Is your argument simply about your interpretation of copyright law and your mentality being that laws are good and breaking them is bad? Because that doesn't seem to be a very informed position to take.
As a private person I no longer feel incentivised to create new content online because I think that all I create will eventually be stolen from me...
"There is nothing inherently wrong with training machines on existing data..." doesn't really conflate a machine with an organism and isn't what I'm talking about.
If you instead had written "I can read the Cat in the Hat to teach my kid to read why can't I use it to train an LLM?"
Then I do think you would be asking with a certain degree of bad faith, you are perfectly capable of distinguishing those two things, in practice, in your everyday life. You do not in fact see them as equivilent.
Your rhetorical choice to be unable to tell the difference would be performative.
You seem to think I'm arguing copyright policy. I really am discussing rhetoric.
Yoinnking their up and mass producing slop sure is a line to cross, though.
As did Disney, apparently.
>what use is regulation if you can just buy it?

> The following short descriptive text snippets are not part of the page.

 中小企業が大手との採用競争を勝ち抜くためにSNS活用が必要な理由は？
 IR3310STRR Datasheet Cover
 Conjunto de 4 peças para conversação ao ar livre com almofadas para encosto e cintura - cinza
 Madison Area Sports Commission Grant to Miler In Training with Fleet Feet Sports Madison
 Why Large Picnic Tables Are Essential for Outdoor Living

I don't like it either, but it still comes down to the same issues. We vote in people who can be bought and don't make a scandal out of it when it happens. The first step to fixing that corruption is to make congress afraid of being ousted if discovered. With today's communication structure, that's easier than ever.

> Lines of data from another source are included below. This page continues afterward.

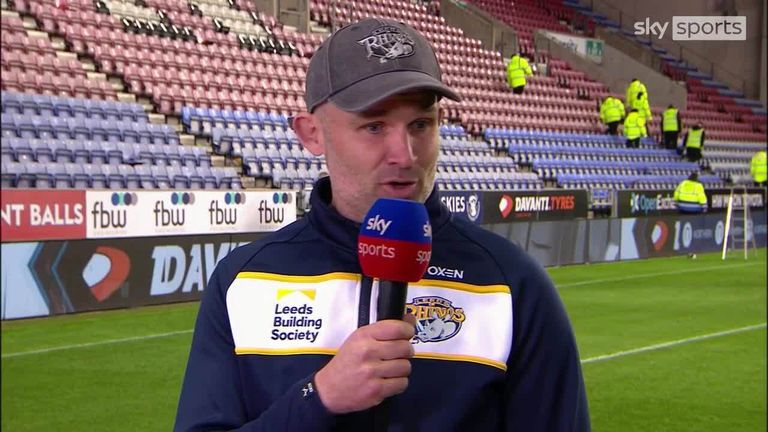 Leeds Rhinos head coach Rohan Smith hailed a 'big performance' as the 12-player visitors dominated the second half to thrash Wigan Warriors 40-18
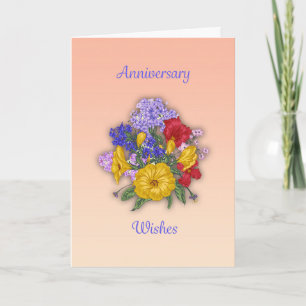 Tarjeta Deseos de aniversario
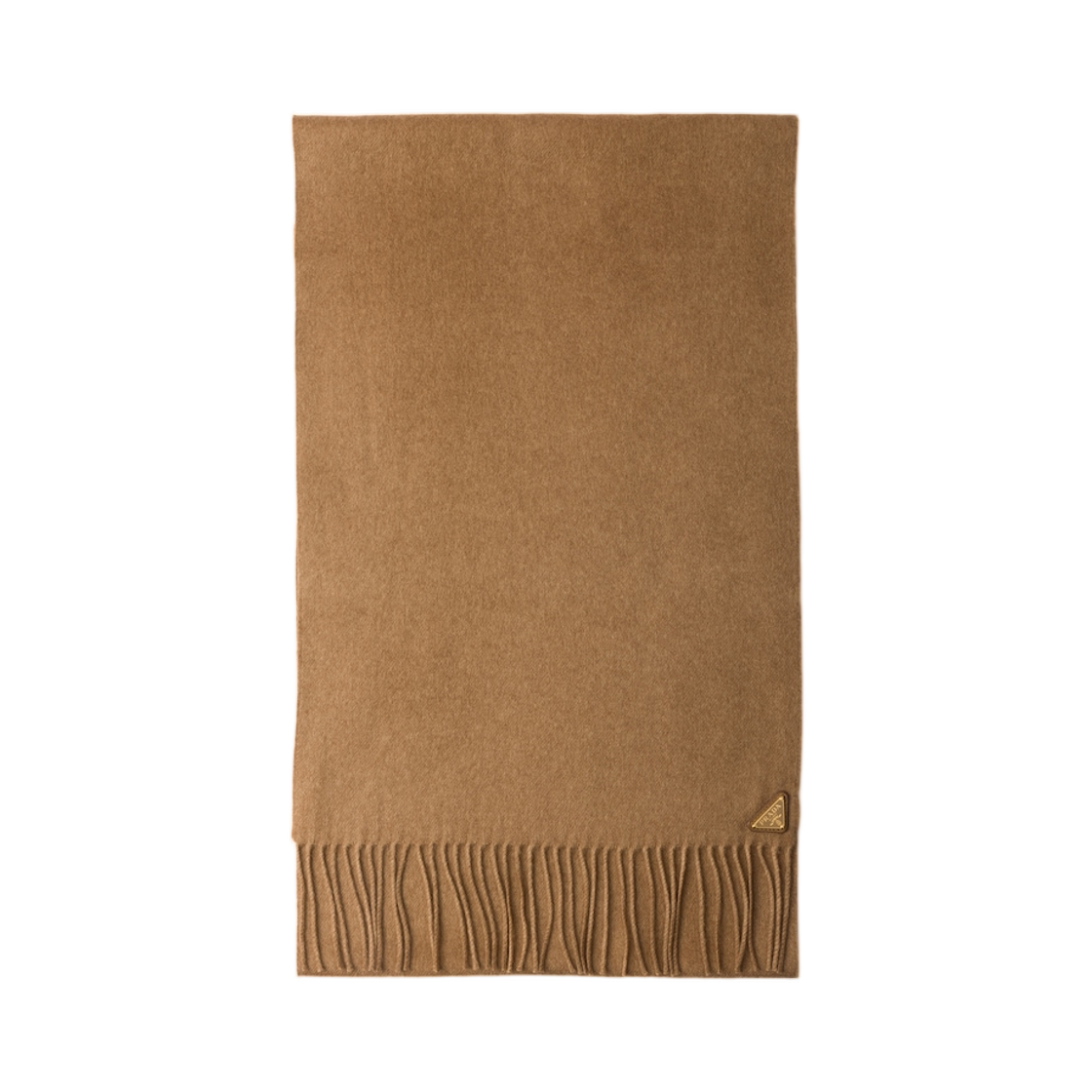 1FS065-2COP-F0Y8C Prada Silk And Cashmere Scarf Camel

But if the people don't care, we see the obvious Victor.
If we end up saying it is not illegal, then I demand, that it will not be illegal for everyone. No double standards please. Let us all launder copyrighted material this way, labeling it "AI".
> its popularity is indicative of its quality, even if it doesn't match the standards of a literature PhD for "good writing"
This is a false dichotomy. Literature PhDs are not the only people out there who enjoy high-quality literature more than light entertainment, and anyway, you seem to be admitting that there's a type of fiction that doesn't exist unpaid, so isn't this just proving my point correct?
All that said, even if I accept for the sake of argument that the existence of popular free genre fiction would be enough to prove your point (because, in fairness to you, we were originally talking about Harry Potter, which is as genre as it gets)... I went looking, and there are at most a few sporadic examples. A few minutes of research suggest that some books by Cory Doctorow are among the most popular ones. Also, The Martian by Andy Weir used to be freely available, but isn't anymore as far as I can find.
Sorry, but Cory Doctorow and (formerly) Andy Weir represent a pretty small body of work compared to the entire canon of paid novels, so I'm going to have to call BS on your claim unless you provide some examples of your own.